Full Of Hell return with their highly anticipated new album, “Garden Of Burning Apparitions”, out October 1 via Relapse Records. You can watch video for “Industrial Messiah Complex” below:
“Industrial Messiah Complex examines the commodification and weaponization of faith and spirituality. This misdirection is a ploy for control and power. Whether through some profit obsessed mega-church or via militaristic action, humanity is raked over the coals and bled out until there’s nothing left but cinders and dust.”– Dylan Walker
“Garden Of Burning Apparitions” is out October 1st on CD/LP/CS/Digital via Relapse Records.
Garden Of Burning Apparations tracklisting:
“Garden Of Burning Apparitions”, a genre-bending blitzkrieg of hardcore, grind and death metal, sees the band expand upon the very elements that have propelled Full Of Hell to the forefront of extreme music over the last decade.

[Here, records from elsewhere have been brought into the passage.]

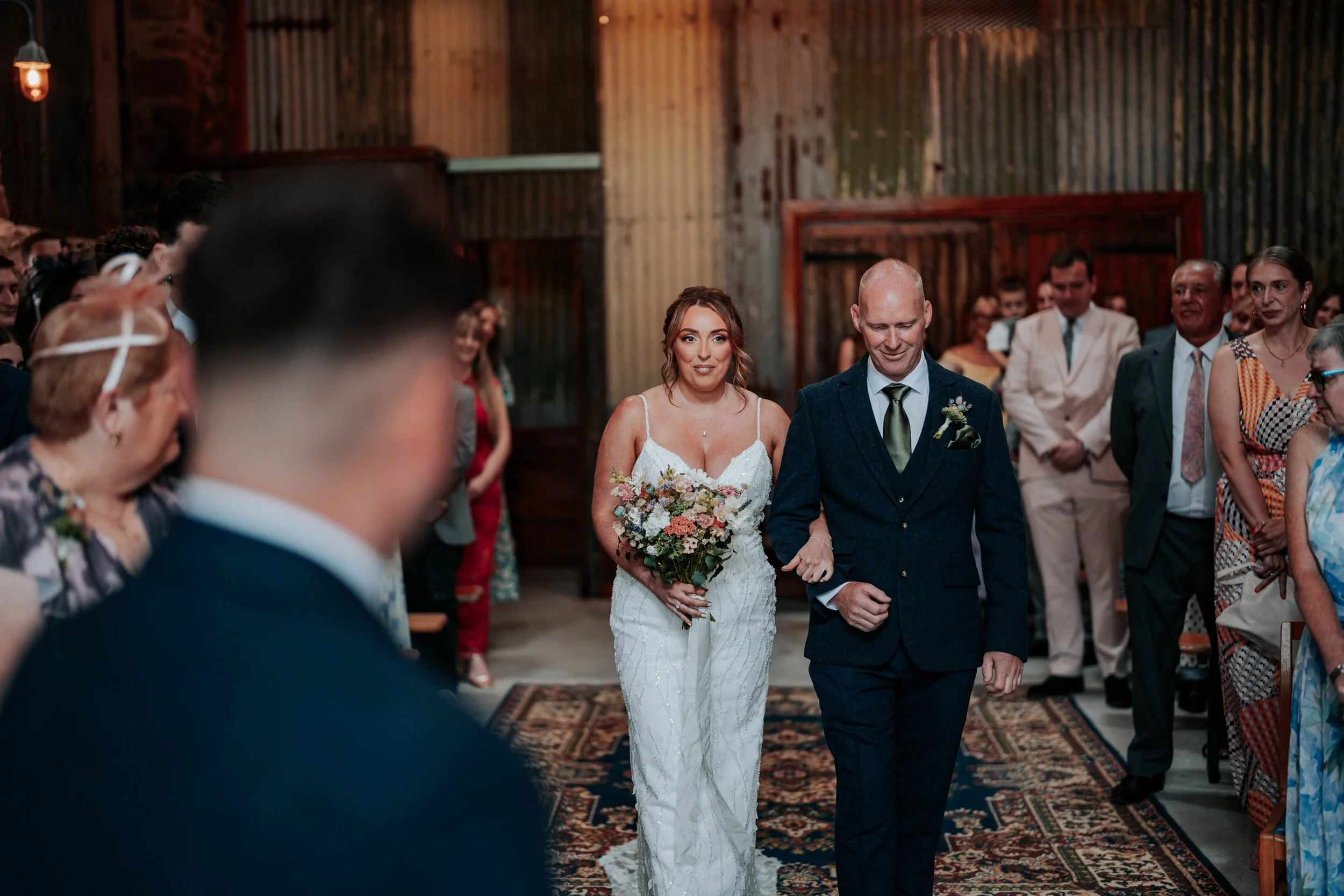 Joseph & Chloe -- Ghyll Barn-69.jpg
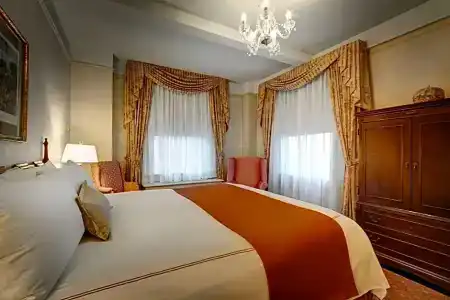 Elysee by Library Hotel Collection - 57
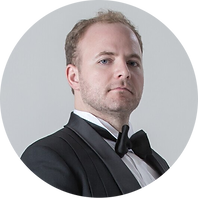 Performers_Isaac Droscha.png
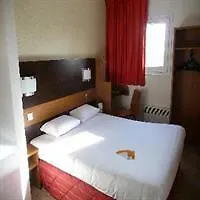 Premiere Classe Maurepas Hotel Montigny-le-Bretonneux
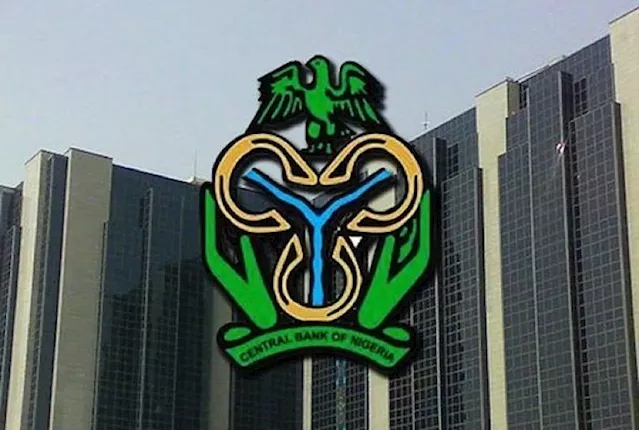 Securities Market: Stockbrokers’ institute seeks support from CBN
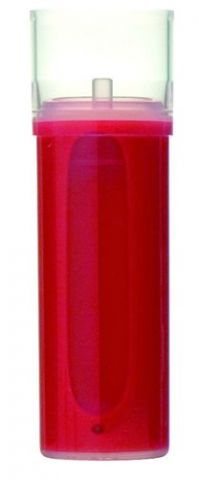 RECAMBIO PILOT ROT V.BOARD ROJO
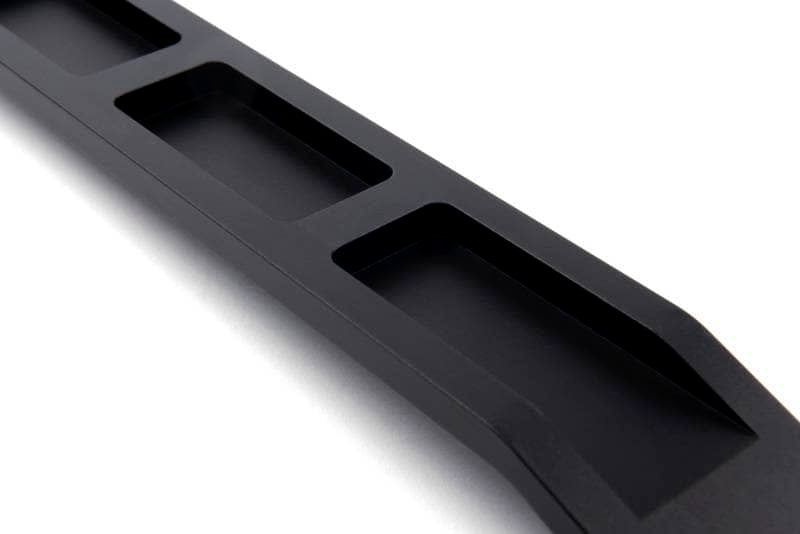 Kies-Motorsports Dinan Dinan 21-27 BMW 430i/M440i (G22/G23/G26) Aluminum Strut Tower Braces - Front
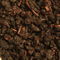 Dark Chocolate Oolong from Whispering Pines Tea Company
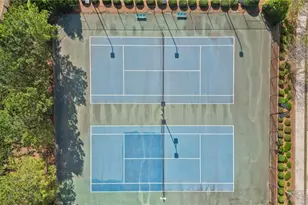 4155 Pleasant Woods Dr, Cumming, GA 30028 - Photo 40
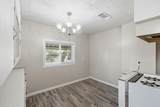 1701 7th Avenue - Photo 26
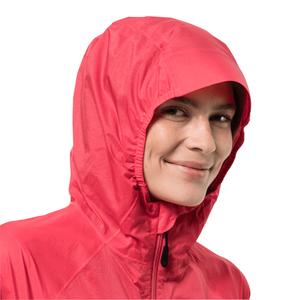 product/j/a/jack-wolfskin_1114971_2058_7-tasman-cloud-jkt-w-tulip-red.jpg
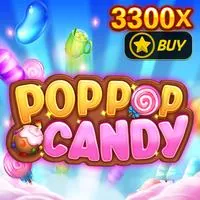 Bắn Cá 68 Game Bài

Produced by Seth Manchester at Machines With Magnets in Pawtucket, Rhode Island, Garden of Burning Apparitions also sees Full Of Hell adding new dimensions to their warp-speed hellscape. Guitarist Spencer Hazard and bassist Sam DiGristine’s monstrous riffs now have an added noise-rock influence, while drummer Dave Bland commands the rhythm section at blazing speeds.
Lyrically, “Garden of Burning Apparitions” sees vocalist Dylan Walker exploring (anti)religion, life’s impermanence and the fear that comes with knowing death is inescapable. “Industrial Messiah Complex” grinds organized religion to a pulp in under 90 seconds, while Walker contemplates the commodification of spirituality seen in America’s vast network of garish mega-churches and how these practices are at odds with true spirituality. Meanwhile, “Reeking Tunnels” rides a strident noise rock riff down into the sewer. It’s a metaphor for the physical and mental space we become trapped in when we live in a perpetual state of fear and hate. Elsewhere, justifiable ochlophobia propels the guttural death metal blast of “Eroding Shell.” Lyrically, the song seeks to capture our fear of the violent, ignorant mob—a scene glimpsed far too often in this volatile era.
In the end, Full Of Hell’s boundary smashing has paid off again. “I think it’s good that we tried not to pigeonhole ourselves early on,” Walker reflects. “Because now, 10 years in, we have the opportunity to make whatever record we want, within reason, and people will follow along.”